Patent Publication Number: US-6659513-B1

Title: Closure for connecting two thin walls

Description:
CROSS-REFERENCE TO RELATED APPLICATIONS 
     This application claims priority of International Application No. PCT/EP00/10613, filed Oct. 27, 2000 and German Application No. 299 22 195.4, filed Dec. 17, 1999, the complete disclosures of which are hereby incorporated by reference. 
    
    
     BACKGROUND OF THE INVENTION 
     a) Field of the Invention 
     The invention is directed to a closure for connecting two thin walls, such as sheet metal cabinet doors to sheet metal cabinet frames, which comprises a bearing piece, mounted in or on an opening in the first thin wall and a shaft, retained in the bearing piece wherein it may be rotated and axially displaced. A pivoting lever is mounted on the one, outer end of the shaft and, on the other, inner end of the shaft, a retaining piece is arranged, wherein the pivoting lever can be pivoted from a first, open position where the shaft is in a first axially loaded position into a second, closed position where the shaft has been displaced axially outwards against the force of a spring. 
     b) Description of the Related Art 
     Such a closure is already known, cf. for example DE 44 23 406 A1. 
     The object referred to as an “Ausbauchverschluss” (convex or bellying closure) in this document makes it possible to secure two plate-like parts to each other or one plate-like part to a corresponding frame. The closure described in this document has the advantage of great simplicity, since it needs relatively few parts and can be fitted relatively simply. 

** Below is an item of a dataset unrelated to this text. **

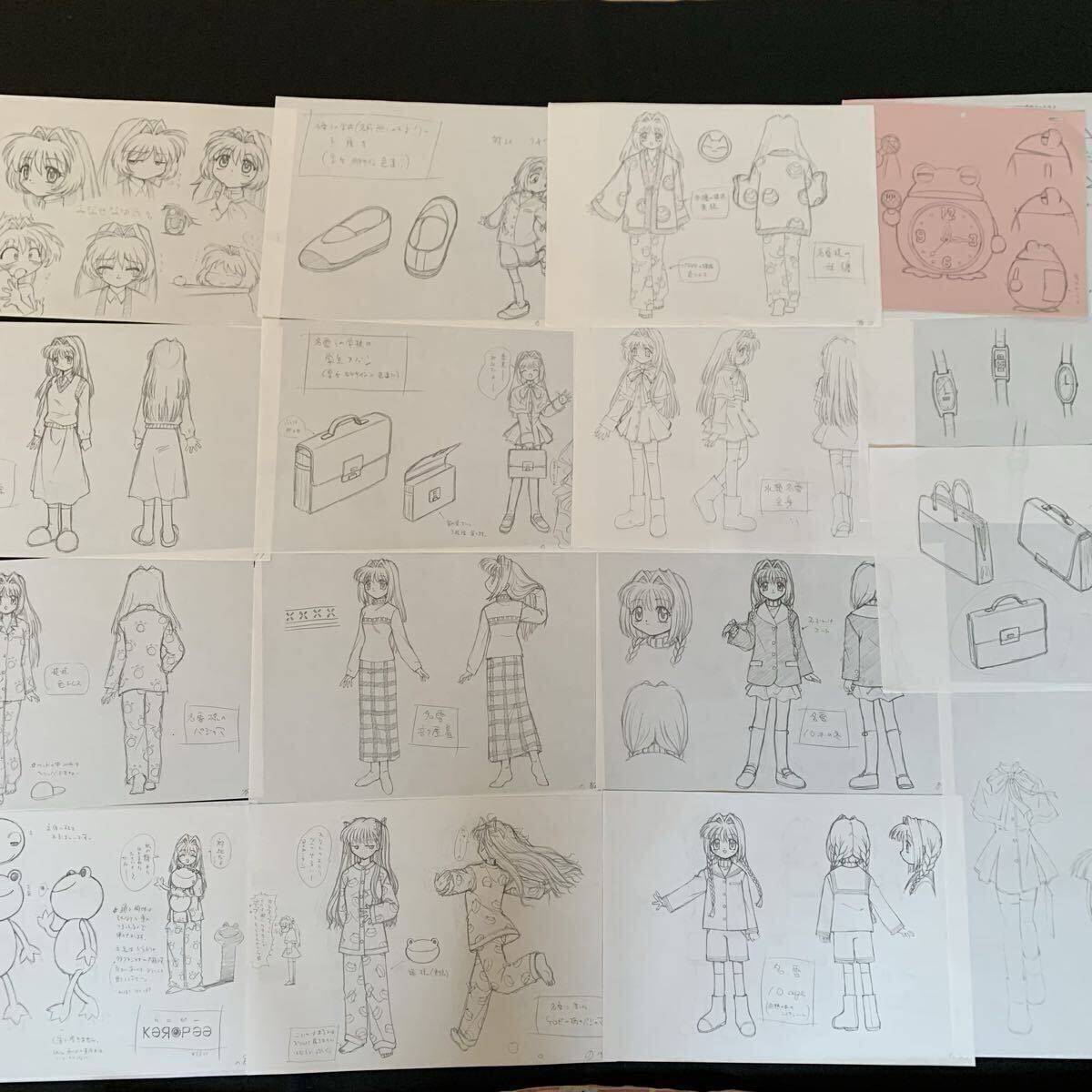 ☆F43/幻魔大戦 キャラクター設定資料集 80枚超 検 作画 キャラクター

     Nonetheless, it also has disadvantages that forbid its use for certain applications. Especially when the closure is supposed to work at low temperatures, as they are for example present in refrigerating chambers, resulting in the disadvantage that the body of expanded material, which for example consists of elastic rubber or plastic, loses its elasticity because of the low temperature and could even break if this leads to brittleness. 
     There is the further disadvantage that the closure is immediately open completely when the operating lever is swung open accidentally, so that there is a risk that the two thin walls move apart unintentionally, which can for example lead to a refrigerating chamber being opened unintentionally. 
     OBJECT OF THE INVENTION 
     It is the primary object of the invention to improve a closure of the type described in the opening section in such a way that the described disadvantages no longer occur. 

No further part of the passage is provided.